In exploring these and other questions, researchers at the Leibniz Institute for Science and Mathematics Education (IPN) in Kiel study the individual and societal conditions underlying education in mathematics and the sciences, its processes, and its outcomes, across people’s lifespans. Our approach encompasses analysis of learning groups, institutions, and education systems alongside consideration of individuals’ personal circumstances. The IPN's projects that relate to school-based education seek to engage with learners’ experience and teachers’ professional practice alike as they examine the quality of mathematics and science education and the conditions under which Germany’s education system delivers it.

The IPN structures its research work in research strands that intertwine and overlap theoretically and empirically.
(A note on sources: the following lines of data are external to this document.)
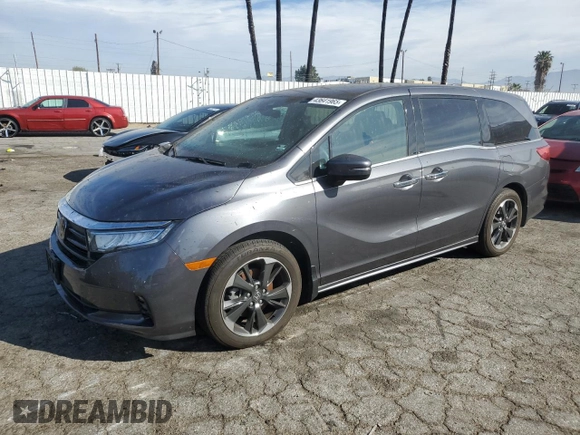 2023 Honda Odyssey Elite с VIN 5FNRL6H97PB071003, выставлен на аукционе Copart как лот 43641965 с пробегом Не указан миль и Списание • Salvage title. История ставок и продаж доступна на DreamBid. Изображение 1.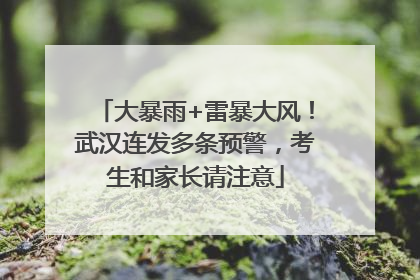 大暴雨+雷暴大风！武汉连发多条预警，考生和家长请注意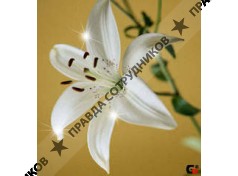 Белая Лилия, салон-парикмахерская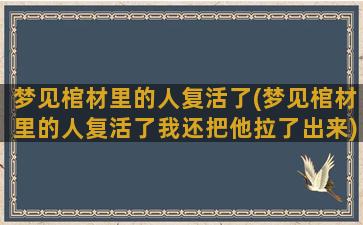 梦见棺材里的人复活了(梦见棺材里的人复活了我还把他拉了出来)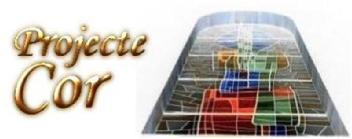 Imagen de PROJECTE COR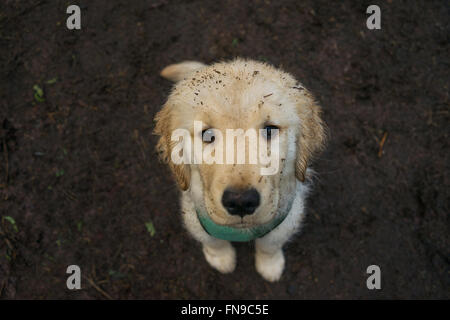 Golden retriever puppy dog with a dirty face Stock Photo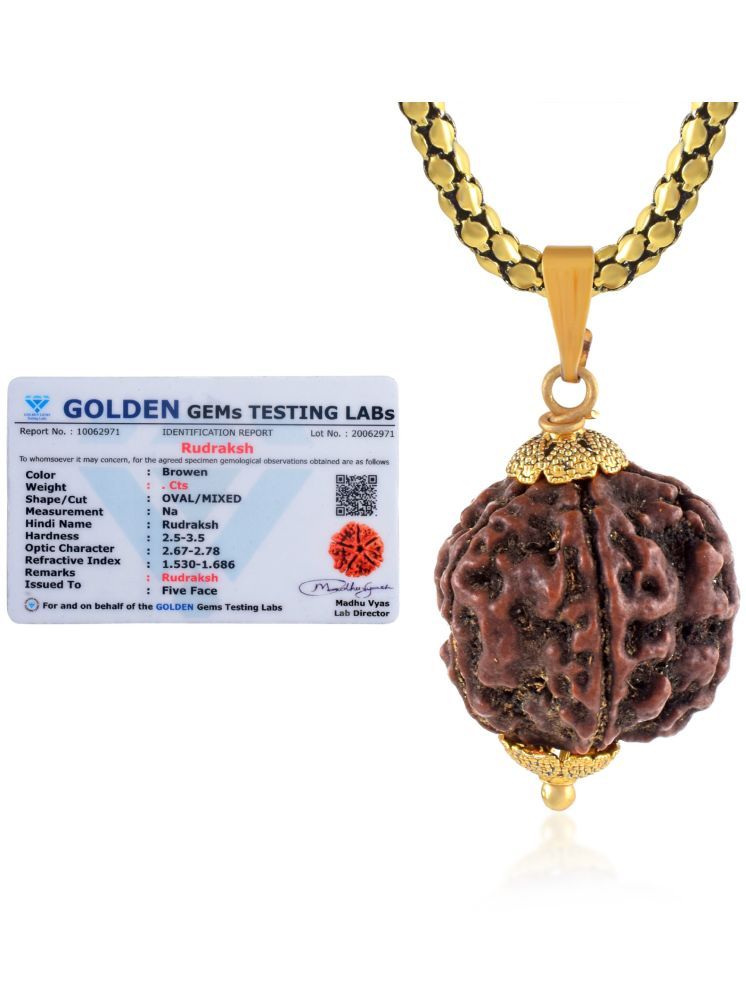     			ADMIER 5 Mukhi Rudraksha Pendant With Chain ( Pack of 1 )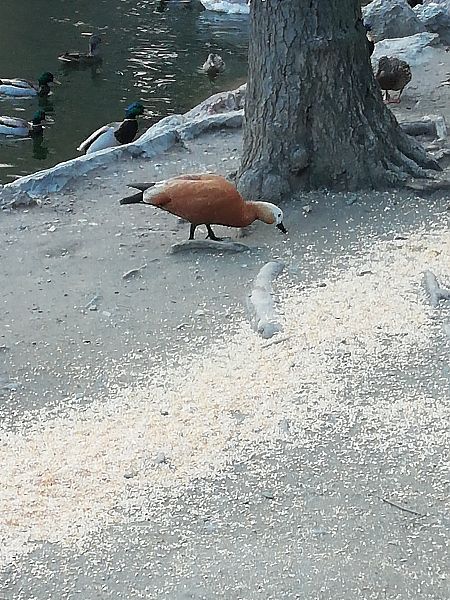 Ànec canyella  - Carina Domenech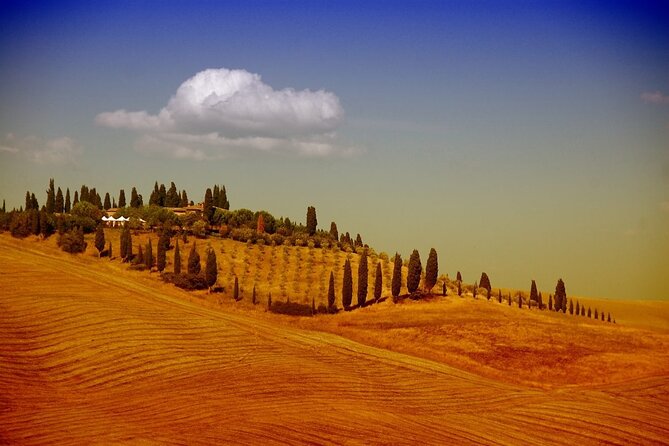 Shore Excursion From Florence to San Gimignano and Siena - Experience Highlights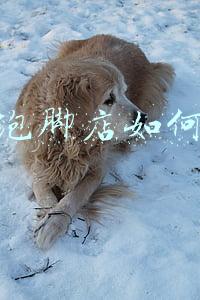 泡脚店怎么开?-泡脚店怎么开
We center our nationwide activities on projects which it is not possible or practicable to base at one of Germany’s higher education institutions and which are in the public interest at federal level or at the level of individual German states. Our research is subject to standards of good academic and scientific practice as set out in the DFG’s Guidelines for Safeguarding Good Scientific Practice, which serve as its research code of conduct. Read more about these standards here.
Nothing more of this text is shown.